- [Problem statement] Give back nothing but the number of lines in these entries that contain the word "free".

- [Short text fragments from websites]
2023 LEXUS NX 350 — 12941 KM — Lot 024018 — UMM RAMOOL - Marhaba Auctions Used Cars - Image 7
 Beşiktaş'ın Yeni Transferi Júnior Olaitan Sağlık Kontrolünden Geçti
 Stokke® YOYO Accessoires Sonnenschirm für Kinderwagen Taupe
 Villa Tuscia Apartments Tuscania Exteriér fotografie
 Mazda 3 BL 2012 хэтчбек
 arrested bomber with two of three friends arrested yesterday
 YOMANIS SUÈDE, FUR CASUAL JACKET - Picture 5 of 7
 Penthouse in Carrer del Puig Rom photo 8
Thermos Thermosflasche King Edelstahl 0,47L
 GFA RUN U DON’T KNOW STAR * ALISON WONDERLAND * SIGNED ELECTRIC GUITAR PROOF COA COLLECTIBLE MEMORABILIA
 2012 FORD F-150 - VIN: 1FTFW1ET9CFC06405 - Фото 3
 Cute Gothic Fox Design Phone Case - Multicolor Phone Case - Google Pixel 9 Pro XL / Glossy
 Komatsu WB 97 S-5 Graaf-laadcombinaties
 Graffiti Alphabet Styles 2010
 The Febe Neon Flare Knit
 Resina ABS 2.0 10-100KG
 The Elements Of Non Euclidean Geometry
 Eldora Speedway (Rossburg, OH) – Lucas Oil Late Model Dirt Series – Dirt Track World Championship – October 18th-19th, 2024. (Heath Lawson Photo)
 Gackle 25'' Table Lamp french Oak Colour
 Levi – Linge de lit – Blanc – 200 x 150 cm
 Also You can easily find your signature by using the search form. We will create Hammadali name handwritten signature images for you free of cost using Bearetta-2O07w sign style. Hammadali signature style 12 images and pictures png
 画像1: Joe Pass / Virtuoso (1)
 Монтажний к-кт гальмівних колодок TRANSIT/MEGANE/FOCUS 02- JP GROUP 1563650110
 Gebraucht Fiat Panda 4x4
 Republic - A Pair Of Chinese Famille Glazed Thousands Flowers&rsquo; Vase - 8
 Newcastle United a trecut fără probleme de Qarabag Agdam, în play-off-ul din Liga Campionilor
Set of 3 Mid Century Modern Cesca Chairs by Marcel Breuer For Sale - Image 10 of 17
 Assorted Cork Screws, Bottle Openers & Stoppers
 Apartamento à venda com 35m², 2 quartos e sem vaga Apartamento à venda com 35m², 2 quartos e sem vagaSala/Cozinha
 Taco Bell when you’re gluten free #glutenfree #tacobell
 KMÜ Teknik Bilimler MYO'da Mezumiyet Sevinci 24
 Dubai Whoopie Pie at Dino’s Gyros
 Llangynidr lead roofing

- [Exercise answer] 2